Of course, this means that Bruce has been home, spoiling Harley, since late January. And
this means since Sunday, when Bruce had to go to DC for a few days for a meeting, that Harley has been STARVING. TO. DEATH. Because Bruce isn't around to give him snacks whenever he wants them. Bruce is very weak that way.
It's not that I never give Harley snacks. It's just that I don't give him unlimited snacks, and I make him work for them. Here's a pretty complex foraging toy I made for him a little while ago:

Two kraft paper boxes, the smaller one is four inches square; organic timothy hay (the Finsters get this to build their nests) and crumply paper strips for filler; various toys and snacks to hide inside. The long black things are big twist-ties that I string through the holes I punched in the boxes to attach the whole thing to Harley's cage. Here it is, almost done:

You can see I cut lots of holes into the boxes, so Harley would know there were things inside. Also, because he can be pretty lazy when it comes to destroying toys, so I had to get him started, and make it a little easier for him. Here it is, in place:

And here is Harley, sitting on top:

You can see where he's torn it up a bit. The thing is, his laziness not only keeps him from ripping apart the kraft paper (it's too haaaaaaard!), it also means he only attacks it from certain spots. Specifically, from that rope perch next to the box toy, and from the top of the box. Not from the two sides eminently approachable if only he'd climb around on the top of his cage — no, not at all. After a certain point, he was smart enough to figure out that if he chewed up any more of the top of the box, he'd fall in. But he wasn't quite smart enough to figure out that he might get stuck on the top of the box — which he did, twice. Badly. So stuck that I had to rescue him. Poor guy. So I moved it to the opposite corner of his cage, so he'd have that whole front bar to climb on. Despite the occasional new snack I added, this spot wasn't very popular either.
That is, until Bruce went out of town for a few days, and suddenly Harley started STARVING. TO. DEATH.
TO DEATH. I say. Death. Really. The box had been sitting in this spot for almost two weeks, practically untouched. But once Bruce went out of town for the first time in months, and Harley realized that I wasn't miraculously going to turn into his Unlimited Snack Monkey, it only took him about ten minutes to empty it out completely:

Don't worry, I've been weighing the poor starving bird, and he isn't wasting away. Partly because he helped me eat my risotto with artichoke hearts the other night. It turns out he's quite the foodie! You know, except when it comes to the whole-grain, organic food I lovingly sprout, cook and chop for him every day. That stuff he pretty much ignores.
Harley Is So Helpful
Last night Harley was helping me read my tools catalog:

Lucky for me, I guess, I wasn't shopping for pliers. Here's a close-up:

A little later, he climbed up to the back of the chair to warm his tail at the fire, and get scritches. Lots of scritches.

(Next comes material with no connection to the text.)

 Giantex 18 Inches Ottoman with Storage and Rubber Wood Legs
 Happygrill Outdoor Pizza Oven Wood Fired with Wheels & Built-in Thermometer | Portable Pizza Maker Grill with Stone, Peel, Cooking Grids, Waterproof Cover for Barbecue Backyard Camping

It was a good night. You know, apart from the pile of spitballs in my lap.
He Was Handsome Already
Harley got his wing feathers clipped, his beak trimmed, and his toenails trimmed yesterday. It was quite a day! Here he is getting a pedicure:

He's already learned he can't fly well anymore (we want him to be able to fly a little, but we need to get a screen door installed before we play too much with that), and he's fallen off a perch or two, poor fella. I'll be back to sanding his tree perch with a dremel tool so it won't be so slippery. Just goes to show those same pointy toenails that can scratch your fingers so much also help a bird hold onto perches.